# WHAT TO DO
Please find the line that holds "Joyful Christmas Scene" below and reproduce it, along with every line after it through the end, exactly and without pictures.

# RECORDS SHOWN
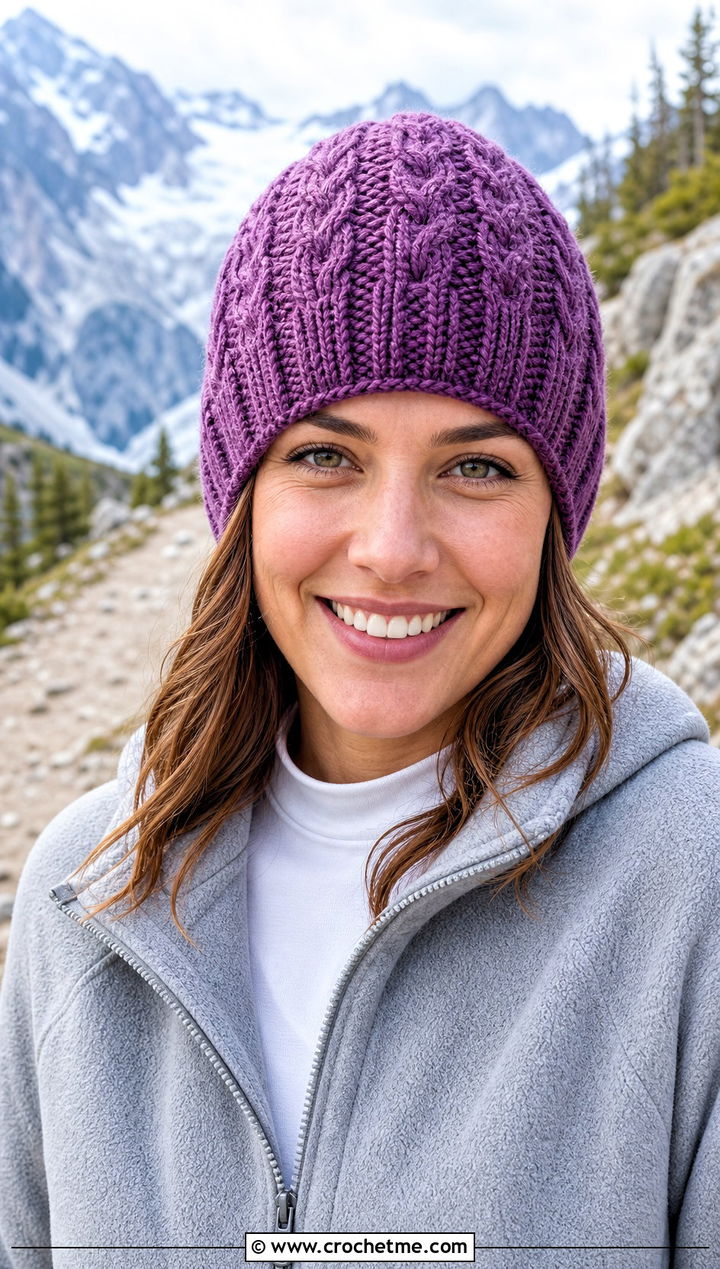 Alpine Cable Toque With Fleece Jacket - 25 Crochet Cable Stitch Hat outfit ideas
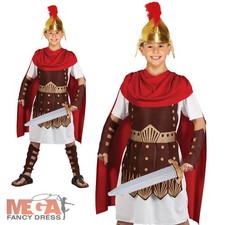 Roman Centurion + Helmet Boys Fancy Dress Greek Gladiator Warrior Kids Costume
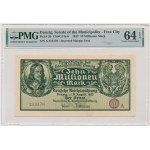Danzig, 10 Millionen Mark 1923 - A - PMG 64 EPQ - Umkehrdruck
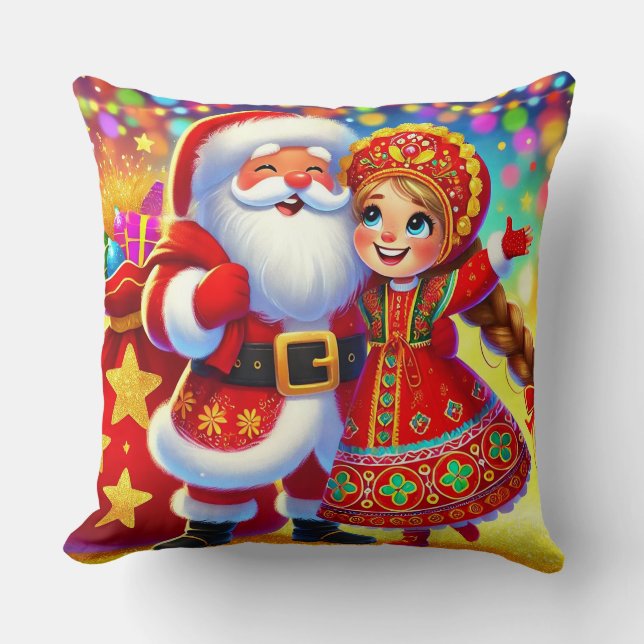 Joyful Christmas Scene Featuring Santa Throw Pillow (Front)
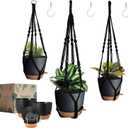 3 Pack Self Watering Hanging Planters Macrame Plant Hangers with Indoor Flower Pots, 3 Different Size Hanging Basket, Plant Hanger with Hooks for Garden Home Decor Black (Medium)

# SOLUTION TO THIS EXERCISE
 Joyful Christmas Scene Featuring Santa Throw Pillow (Front)
 3 Pack Self Watering Hanging Planters Macrame Plant Hangers with Indoor Flower Pots, 3 Different Size Hanging Basket, Plant Hanger with Hooks for Garden Home Decor Black (Medium)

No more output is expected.